Today I shall follow-up an earlier post about Spirituality in Marketing. In that post, I mention progress with a book, and I want to capture a part of the conversation. Many people in the voluntary and community sectors have reservations about marketing and accumulation of wealth. Such scepticism is admirable! We should be suspicious of any sales pitch.
But if we are going to re-build our communities we need to explore all the options available to us. Given the failure of grants as an approach to community development, a failure I’ve written about elsewhere, see the posts in the position category, we don’t have too many other options.
Two Ways to Understand Wealth
One problem is, when we talk about wealth we confuse two different ways of understanding it. So, here they are:
- Personal wealth is where the focus is on the amount of money I have accumulated and the power I have using it. The issue here is accountability. We can all think of examples of (usually new) millionaires who lose all their money in a few years, through gambling or similar. There are also those who salt away their wealth in off-shore tax havens. They move their money out of the community, into places where it is no longer accessible. The immensely wealthy, the 1% targeted by the Occupy movement, use their wealth to buy assets and lend them back to businesses at very high interest rates. We don’t normally see this happening because it happens out of sight. But we see its effects in low wages and unsustainable behaviour, damaging to the environment.

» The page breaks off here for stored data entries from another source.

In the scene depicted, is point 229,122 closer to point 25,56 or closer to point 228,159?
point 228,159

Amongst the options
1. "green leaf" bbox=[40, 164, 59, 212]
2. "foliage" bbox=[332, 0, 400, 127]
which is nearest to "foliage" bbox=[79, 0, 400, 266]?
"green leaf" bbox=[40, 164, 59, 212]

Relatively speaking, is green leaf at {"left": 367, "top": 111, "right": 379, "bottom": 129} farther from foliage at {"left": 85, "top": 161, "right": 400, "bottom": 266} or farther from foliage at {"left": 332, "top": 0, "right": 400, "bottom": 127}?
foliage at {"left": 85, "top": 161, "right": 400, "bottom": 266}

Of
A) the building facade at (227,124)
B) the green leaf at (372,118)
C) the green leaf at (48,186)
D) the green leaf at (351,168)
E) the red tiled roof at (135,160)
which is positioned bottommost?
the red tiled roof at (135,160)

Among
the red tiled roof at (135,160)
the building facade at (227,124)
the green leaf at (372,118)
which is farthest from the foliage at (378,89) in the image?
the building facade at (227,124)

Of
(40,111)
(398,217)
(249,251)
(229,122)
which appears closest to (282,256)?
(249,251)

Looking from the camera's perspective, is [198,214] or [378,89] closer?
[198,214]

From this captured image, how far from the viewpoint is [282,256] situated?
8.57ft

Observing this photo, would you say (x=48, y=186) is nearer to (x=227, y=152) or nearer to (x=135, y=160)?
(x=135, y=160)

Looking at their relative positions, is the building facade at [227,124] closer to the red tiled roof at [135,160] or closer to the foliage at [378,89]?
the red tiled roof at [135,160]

- Social wealth is where there is some degree of accountability. The focus is on money as it circulates in the local economy. If I purchase from local traders and do not spend money in large chains and if local people do the same, then many people benefit from the same pound as it circulates. Furthermore, I might find opportunities to invest my profit in other enterprises, thus growing the local economy.
Obviously the same person can experience both approaches to wealth but at least by being clear there are these two approaches, we can all be aware of how we spend and accumulate income.
Perhaps we could re-examine John Wesley’s three point economic plan. In the eighteenth century, he traveled the UK, preaching to the new industrial poor. His advice to entrepreneurs was “earn all you can, save all you can, give all you can”. By save he meant not accumulation in bank accounts but spending money wisely, so that you have an excess than can be given to people in need.
This approach allows the wealthy scope to grow successful and ethical businesses. Is it something we need to revisit?